The Future of Books: It Doesn’t Have to be Dolphins

According to James Warner, we’re in deep trouble, literarily. Or at least we will be. Fast forward 70-odd years and what was once the domain of Goethe and Shakespeare has been taken over by vampire-obsessed dolphins. It’s a whacky, somewhat exaggerated depiction (we’re probably at least 150 years off from dolphin vampire romps) of the state books are currently in and the direction we’re headed in.

All joking aside, much of what Warner presents tongue-in-cheek is not necessarily the bleak dolphin-filled future he promises us. Whether we like it or not, it seems crowdsourcing will figure into our future one way or another. It need not be a paint-by-numbers approach to literature with big data (or Big Data if you prefer) or the will of the masses. Books are not limited to just popular fiction and the trappings of the brows (high, low or middle). For example, the world of scholarly publishing and academia has been moving towards digital forms, if not en masse, at least more so than trade publishers.

I think it’s important, though, when having these discussions to keep the context in mind. A fish may be able to play Pokemon, and it is decidedly not a robot of any kind. There’s nothing to say you couldn’t conduct an experiment similar to the fish playing Pokemon with composing a story, and it would be interesting. All this isn’t to say that this should be the only kind of literature and entertainment out there. Warner seems to be cautioning that even considering such projects will lead to our dolphinated ruination by virtue of invoking dolphin vampire literature in the first place. This is where the context is most important.

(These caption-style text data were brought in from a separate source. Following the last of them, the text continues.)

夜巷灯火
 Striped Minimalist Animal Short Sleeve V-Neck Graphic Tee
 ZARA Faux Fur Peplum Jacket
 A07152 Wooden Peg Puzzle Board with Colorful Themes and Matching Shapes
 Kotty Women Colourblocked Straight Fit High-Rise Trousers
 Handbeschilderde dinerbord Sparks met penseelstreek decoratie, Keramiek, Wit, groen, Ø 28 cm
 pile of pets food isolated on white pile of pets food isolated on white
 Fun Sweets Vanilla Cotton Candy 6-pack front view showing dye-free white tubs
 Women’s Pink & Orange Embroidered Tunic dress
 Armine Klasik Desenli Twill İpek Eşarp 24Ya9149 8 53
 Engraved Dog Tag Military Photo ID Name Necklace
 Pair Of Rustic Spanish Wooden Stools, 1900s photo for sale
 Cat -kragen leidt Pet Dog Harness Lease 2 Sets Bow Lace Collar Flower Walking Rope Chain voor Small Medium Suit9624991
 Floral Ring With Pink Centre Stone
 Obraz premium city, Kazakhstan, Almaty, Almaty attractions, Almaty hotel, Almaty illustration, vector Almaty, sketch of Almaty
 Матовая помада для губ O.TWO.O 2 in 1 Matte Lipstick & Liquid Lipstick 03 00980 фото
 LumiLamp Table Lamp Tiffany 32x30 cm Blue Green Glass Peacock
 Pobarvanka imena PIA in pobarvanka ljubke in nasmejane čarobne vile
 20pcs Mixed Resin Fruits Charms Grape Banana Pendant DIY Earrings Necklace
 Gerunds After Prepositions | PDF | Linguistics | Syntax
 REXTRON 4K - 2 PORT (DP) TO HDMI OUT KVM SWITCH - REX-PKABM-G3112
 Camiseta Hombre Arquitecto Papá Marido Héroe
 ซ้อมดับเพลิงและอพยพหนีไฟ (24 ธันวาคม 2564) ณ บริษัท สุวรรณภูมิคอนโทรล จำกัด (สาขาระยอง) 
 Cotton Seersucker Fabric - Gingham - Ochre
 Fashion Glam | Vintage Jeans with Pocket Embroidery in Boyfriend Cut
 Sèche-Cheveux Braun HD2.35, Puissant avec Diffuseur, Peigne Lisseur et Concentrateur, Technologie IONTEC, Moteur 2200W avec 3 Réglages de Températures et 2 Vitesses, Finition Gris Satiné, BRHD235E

If we left our literature up to the fishes or the masses or big data, our future may be vampire dolphin riddled, but I do not believe anyone is prepared to leave it up to the dolphins or the fishes. As this Vice piece on bots points out, so much of the bots and seemingly autonomous creations we interact with are actually cyborgs—part human controlled, part bot controlled. That fish may play Pokemon, but he didn’t go out and buy a Gameboy all by his lonesome. It’s not a book, but it helps illustrate how the human/bot interactions plays out. Other examples include the semi-automated Twitter accounts where a human will write and create Tweets while other routine functions are automated. It presents an opportunity for computer-assisted, rather than Big Data controlled. For books this could be as simple as using algorithms and big data to help long-tail books reach their long-tail audience better. It doesn’t have to lead to dolphins.